(Any regex experts willing to tackle this?)

When users copy text over from MS Word documents sometimes you end up with HTML markup like this:

<a href="mailto:user@example.com"><span>user@example.com</span></a>

By the time spamspan has chewed this you get a pretty ugly result. It comes out looking like this:

userexample [dot] net

and the mailto: href is also badly mangled.

Help!

CommentFileSizeAuthor
#6 spamspan-embedded_tags-1167084-6.patch2.68 KBvitalie

Comments

gpk’s picture

I should add that I have disabled all filters except spamspan.

peterx’s picture

Issue summary: View changes
Status: Active » Closed (won't fix)

@gpk, the email address is processed by a regex, changing a regex is a pain, and there are dozens of possible combinations to handle.

gpk’s picture

Thanks for working on this module Peter, this is quite a major bug for me and I'm a little suprised if it's not affecting others, given that a lot of content must get pasted into websites from word processing apps. It is a bit of a pain having to trawl through the raw HTML cleaning it up and this is beyond most content creators.

I appreciate a fix might not make it into 6.x but maybe this should be flagged up in 7.x for a regex expert. I have a rough workaround which helps a bit on our site, though it's not really production-ready. Maybe I should post it up here when I get a moment.

Thanks!

peterx’s picture

@gpk Post it.

peterx’s picture

Version: 6.x-1.6 » 7.x-1.1-beta4
Issue summary: View changes
Status: Closed (won't fix) » Postponed (maintainer needs more info)
vitalie’s picture

StatusFileSize
new2.68 KB

Patch below should partially fix this - it will just strip the tags. It includes the patch for the issue #2386967: Link text replaced with email address, since without it testing the this very issue becomes problematic.

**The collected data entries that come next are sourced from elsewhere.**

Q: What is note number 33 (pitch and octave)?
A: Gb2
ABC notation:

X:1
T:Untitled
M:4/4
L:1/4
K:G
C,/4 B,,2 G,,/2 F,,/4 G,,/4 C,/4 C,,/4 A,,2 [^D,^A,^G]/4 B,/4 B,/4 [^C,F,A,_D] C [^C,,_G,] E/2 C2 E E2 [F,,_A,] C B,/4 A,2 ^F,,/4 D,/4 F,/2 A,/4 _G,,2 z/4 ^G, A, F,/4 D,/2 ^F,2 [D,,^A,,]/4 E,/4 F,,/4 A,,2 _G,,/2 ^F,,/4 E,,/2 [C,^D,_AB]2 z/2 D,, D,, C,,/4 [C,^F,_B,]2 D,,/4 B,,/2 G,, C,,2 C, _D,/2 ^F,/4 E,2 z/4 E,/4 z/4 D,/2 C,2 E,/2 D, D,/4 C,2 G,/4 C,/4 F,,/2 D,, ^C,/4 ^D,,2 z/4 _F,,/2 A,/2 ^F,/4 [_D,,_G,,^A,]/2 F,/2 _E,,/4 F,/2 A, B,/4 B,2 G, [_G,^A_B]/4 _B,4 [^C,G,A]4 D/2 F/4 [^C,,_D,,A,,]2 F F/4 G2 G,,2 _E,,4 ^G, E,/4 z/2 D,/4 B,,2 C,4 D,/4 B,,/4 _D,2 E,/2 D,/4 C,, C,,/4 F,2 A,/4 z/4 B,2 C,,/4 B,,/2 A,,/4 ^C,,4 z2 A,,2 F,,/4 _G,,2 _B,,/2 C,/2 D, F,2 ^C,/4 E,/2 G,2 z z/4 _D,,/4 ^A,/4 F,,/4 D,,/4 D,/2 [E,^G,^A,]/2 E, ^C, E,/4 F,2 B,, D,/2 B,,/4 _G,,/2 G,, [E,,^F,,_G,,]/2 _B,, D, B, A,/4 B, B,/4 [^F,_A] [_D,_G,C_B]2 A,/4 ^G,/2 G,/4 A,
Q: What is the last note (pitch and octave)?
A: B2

Keeping the tags needs more work which I postpone until it will be actually requested by community.

vitalie’s picture

Version: 7.x-1.1-beta4 » 7.x-1.2
Assigned: Unassigned » vitalie
Status: Postponed (maintainer needs more info) » Needs review

  • vitalie committed 23f74a1 on 8.x-1.x
    ported patches for issues #1422462, #1167084, and #1012088
    

  • vitalie committed 65a0a19 on 7.x-1.x
    Issue #1167084 by vitalie: Tags embedded inside the <a href="..."> tag...
vitalie’s picture

Version: 7.x-1.2 » 7.x-1.x-dev
Status: Needs review » Closed (fixed)